The beginning of a new calendar year should serve as a timely reminder that we’re only months away from the end of the current tax year. It might feel at the moment as though there’s plenty of time until the beginning of April, but ensuring you make use of the remaining months before they disappear is always a good idea. Here are our top four tips for ways to make the most of this tax year whilst you can.
- Maximise your ISA contributions – Making the most of any Individual Savings Accounts you have is normally a sensible way to invest your money. If you reach the end of the tax year without reaching the investment limit for your ISA, there’s no way to carry it over, so it could be tempting to invest as much as possible. The limit for the 2016/17 tax year is £15,240 and, unlike a few years ago, can be entirely made up of cash if you wish.
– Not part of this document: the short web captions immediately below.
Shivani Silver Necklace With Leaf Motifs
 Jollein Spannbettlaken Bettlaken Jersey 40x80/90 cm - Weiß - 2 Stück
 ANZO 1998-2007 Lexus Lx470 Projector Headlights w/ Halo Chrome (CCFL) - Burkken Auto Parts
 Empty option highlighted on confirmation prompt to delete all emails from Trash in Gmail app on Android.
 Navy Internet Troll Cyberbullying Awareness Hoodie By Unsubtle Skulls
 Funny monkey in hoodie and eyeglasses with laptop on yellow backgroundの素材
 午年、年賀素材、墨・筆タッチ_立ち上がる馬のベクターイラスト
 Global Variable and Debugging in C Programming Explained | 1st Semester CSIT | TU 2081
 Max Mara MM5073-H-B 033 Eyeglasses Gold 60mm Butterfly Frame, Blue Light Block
- Check your pension contributions– Keeping an eye on your pension contributions at least once a year is a good idea. You can use pension contributions to help you manage tax liabilities, but high earners should keep the lifetime pension allowance in mind. The current allowance is £1 million, having been reduced from £1.25 million in April 2016, so anything over that amount in your pension is taxable.
- Don’t forget your Capital Gains Tax Allowance – The Capital Gains Tax Allowance for the 2016/17 tax year is £11,100 per individual, which means that couples can pay no tax on up to £22,200 of capital gains. Genuine gifts from a civil partner or spouse do not count towards the allowance, and there are other exemptions too, so it’s worth having a look at where you could make some tax savings.
- Boost your children’s savings too – Whilst thinking about your own financial planning, it can be easy to overlook the ways any offspring under the age of 18 can benefit too. If they have a Junior ISA, make the most of the £4,080 investment limit. Don’t forget they also have the same Capital Gains Tax Allowance and can make pension contributions of their own.